Giter VIP home page Giter VIP logo

cclm2cmor-1's Introduction

CCLM2CMOR - Climate model output rewriting of COSMO-CLM climate model data for CORDEX

Worldwide coordinated projects for climate data like CMIP and CORDEX demand that the data meet specific standards very strictly if they are supposed to be integrated and uploaded to an archive for a world wide distribution (typically an Earth System Grid Federation node (ESGF) or long term archives as World Data Centre for Climate (WDCC)). The model output has to be transformed to meet these specific standards, and this process is often referred to as CMOR, which stands for Climate Model Output Rewriting.
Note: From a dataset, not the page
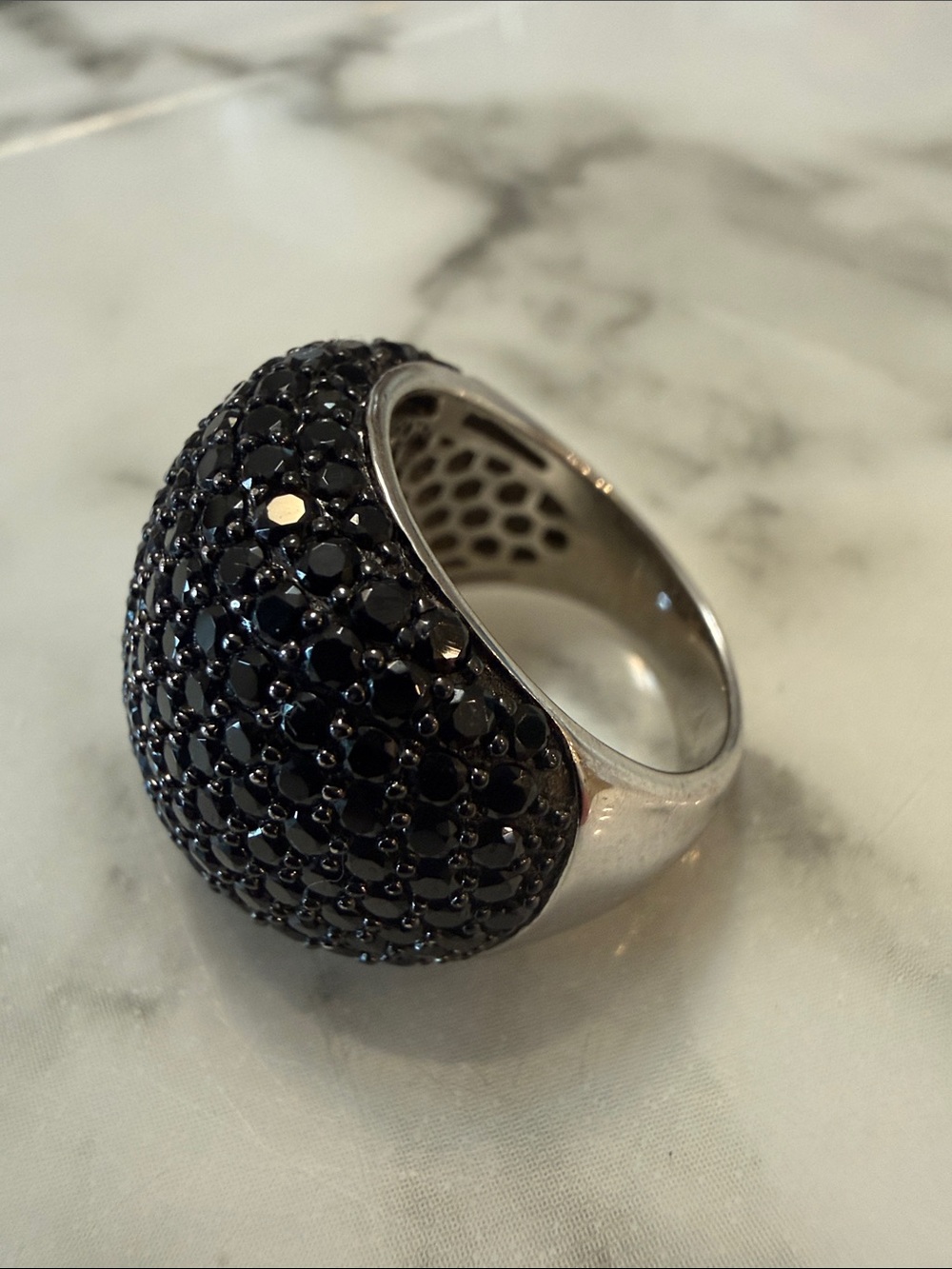 Silversmith Group sterling silver black spinel dome ring, size 6.5-7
In this project we are developing a CMORization tool which works specifically for the COSMO-CLM (CCLM) model. However, the different processing steps are separated in such a way that it is also possible to use the tool with other models than the CCLM model.

Requirements

The tool is written for a Unix operating system. For it to work, a number of command line tools and Python packages are needed. The command line programs you need are: ncrcat, ncks, ncap2, ncatted, nccopy and cdo

For the Python packages please look into the .py source code files or just try to run the code to see which packages are missing. The code works with Python 2.7 and 3.6 (and maybe also older versions). If you have the relevant tools installed on your machine, there is no further installation needed.

Sources

Here is a quick overview of the different source code files and additional files, their location and their purpose. The location is relative to the source code directory src.

Filename Location Purpose
FIRST STEP
master_post.sh . Job script that executes the first step of the CMORization
settings.sh . Configuration file for this first step
help cclm_post Prints helping information on the command line options of master_post.sh
first.sh cclm_post First subscript
timeseries.sh cclm_post Variable information for first subscript
second.sh cclm_post Second subscript
xfer.sh cclm_post Job script to extract archives
delete.sh cclm_post Job script to delete archives
SECOND STEP
master_cmor.sh . Job script that executes the second step of the CMORization (the Python script)
cmorlight.py CMORlight Main script of the second CMOR step. Calls all other Python functions.
control_cmor.ini CMORlight Configuration file
init_log.py CMORlight Sets up custom logger
configuration.py CMORlight Reads in configuration from control_cmor.ini and provides functions to read or change the entries
settings.py CMORlight Processes some of the entries in the configuration file and reads in the variables table
tools.py CMORlight Contains all the functions for processing the files
CORDEX_CMOR_CCLM_variables_table.csv CMORlight/Config Variables table for the CCLM model controlling which variables are processed at what resolution
CORDEX_CMOR_WRF_variables_table.csv CMORlight/Config Variables table for the WRF model
coordinates_cordex_eur11.nc CMORlight/Config NetCDF file containing e.g. latitude and longitude arrays for domain EUR-11
coordinates_cordex_eur44.nc CMORlight/Config As above but for the domain EUR-44
ADDITIONAL
write_vars.py add_scripts Python script to create the file timeseries.sh for the first CMOR step

Usage

The CMOR process is divided into two subprocesses which are explained below.

First step

In a first step the model output data is prepared for the actual CMOR process: Separate yearly time-series files have to be created for each required variable with the time variable meeting the CORDEX requirements. Additional required fields that are not contained in the model output have to be calculated. Note that this step is dependent on the climate model used. In this project the step is carried out for the CCLM model. The scripts here are not directly applicable to other models.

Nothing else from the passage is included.